Brief:
The reply should give back every entry exactly as written.

───── Dataset ─────

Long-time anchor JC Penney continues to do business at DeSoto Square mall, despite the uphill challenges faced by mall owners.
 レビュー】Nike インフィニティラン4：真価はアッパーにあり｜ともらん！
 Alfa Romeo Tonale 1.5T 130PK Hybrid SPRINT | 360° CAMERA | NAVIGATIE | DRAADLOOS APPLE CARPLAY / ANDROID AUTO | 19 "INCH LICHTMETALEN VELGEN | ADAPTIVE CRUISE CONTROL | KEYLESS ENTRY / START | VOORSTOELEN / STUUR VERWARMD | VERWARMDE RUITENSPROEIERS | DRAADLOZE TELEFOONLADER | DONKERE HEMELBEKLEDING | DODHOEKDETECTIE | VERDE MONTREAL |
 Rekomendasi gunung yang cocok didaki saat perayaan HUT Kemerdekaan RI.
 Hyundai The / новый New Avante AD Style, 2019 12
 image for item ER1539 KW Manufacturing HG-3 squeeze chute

─────

Solution:
Long-time anchor JC Penney continues to do business at DeSoto Square mall, despite the uphill challenges faced by mall owners.
 レビュー】Nike インフィニティラン4：真価はアッパーにあり｜ともらん！
 Alfa Romeo Tonale 1.5T 130PK Hybrid SPRINT | 360° CAMERA | NAVIGATIE | DRAADLOOS APPLE CARPLAY / ANDROID AUTO | 19 "INCH LICHTMETALEN VELGEN | ADAPTIVE CRUISE CONTROL | KEYLESS ENTRY / START | VOORSTOELEN / STUUR VERWARMD | VERWARMDE RUITENSPROEIERS | DRAADLOZE TELEFOONLADER | DONKERE HEMELBEKLEDING | DODHOEKDETECTIE | VERDE MONTREAL |
 Rekomendasi gunung yang cocok didaki saat perayaan HUT Kemerdekaan RI.
 Hyundai The / новый New Avante AD Style, 2019 12
 image for item ER1539 KW Manufacturing HG-3 squeeze chute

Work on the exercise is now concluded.